There are two advantages of short(er) terms:
- they are shorter and therefore more convenient,
- it is easier to always use the same phrase for a term consistently and thereby be aware a) of it being a term and not just an arbitrary phrase and b) of exactly which term is being used instead of confusing apples and oranges.

In everyday language, we use nouns to enable ourselves to develop advanced thoughts about topics expressed by nouns. In go theory, we use terms to recall advanced knowledge already associated with the terms (or to develop additional knowledge).

SUPERFLUOUS NAMES?

There are countless of superfluous go terms: dog shape, horse shape, elephant shape, sagari etc. I prefer not to use them, but to use only such terms that are relevant. That you call part of the latter superfluous means that you have potential for acquiring new knowledge. If you refuse that knowledge, then, of course, you can also forgo new relevant terms.

I sometimes invent new names or use names suggested earlier by others to describe something that has - in English - Japanese names. E.g., you could say that 'net' was superfluous because there is 'geta'. IMO, terms should, whenever possible, have words already expressing a good part of the meaning. In English, 'net' is much more informative than 'geta'. There are other names which probably you dislike more. E.g., 'thick extension' instead of 'nobi'. This, however, is only half of the story. In English (without any extra fluent knowledge of a Japanese speaker, for whom possibly more information is contained), nobi does not specify whether it is thick or thin, alive or dead.

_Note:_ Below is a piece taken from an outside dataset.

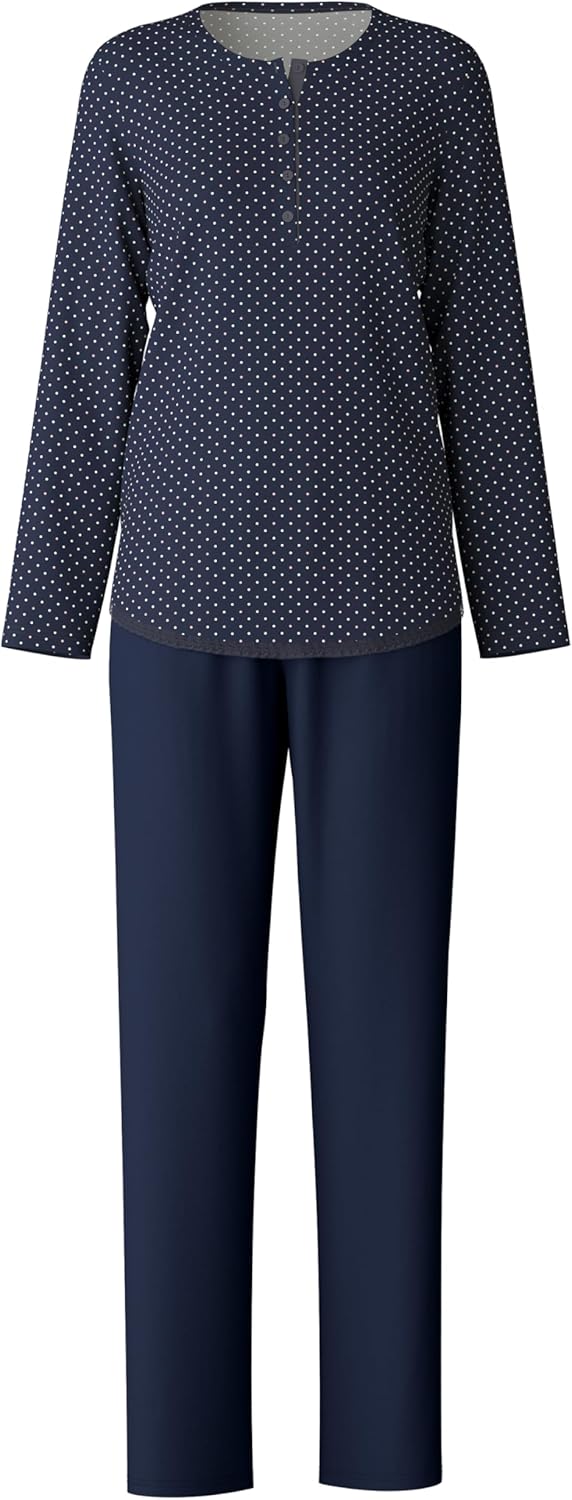 CALIDA Midnight Dreams Pyjama, lang Damen, aus 100% Dicker Baumwolle 36-38 Peacoat Blue, 36-38 Peaco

The term I want to use (for a specific frequent kind of thick shape moves) must guarantee the 'thick' characteristic and exclude the 'thin' (or 'weak') alternative. Therefore, the extra word 'thick' in the term 'thick extension' is necessary. If we still used the Japanese word, to express the same, it would have to be called 'thick nobi'. While certainly this is a valid alternative name, the 'nobi' part conveys no meaning to a naive English speaker - contrarily, 'extension' conveys good information about the move of type 'thick extension'. (One could argue about number of syllabies, but English has its short and its longer words; we do not stop using the longer words just because are longer.)

NOTHING ORIGINAL?

You have noticed just how plainly easy my terms are:) They often are so easy that one can wonder whether one has just learnt something new. I want to make understanding easy, therefore I prefer, whenever possible, easy or even natural names for terms.

You read, e.g.(!), 'influence stone difference' and possibly understand immediately 'the difference of (numbers of Black's and White's) stones with (significant) influence'. This is, once you read it, so obvious that you wonder whether you have learnt anything new at all, and you complain: "It is nothing original!" I have never seen before my, what I think is an, invention anywhere any mentioning of the concept 'influence stone difference' under whichever name and never seen before any diagram conveying the idea implicitly. Have you? If you have not, then why do you claim that I would not have invented anything original (and given the concept a name)? AFAIK, it is new because it did not exist before I invented it. It is original because its invention required great creativity after many years of instead using weaker, much uglier concepts or methods (such as counting ill-defined empty intersections directly in front of walls).

Can you even appreciate how great the originality is to have found something simple and elegant?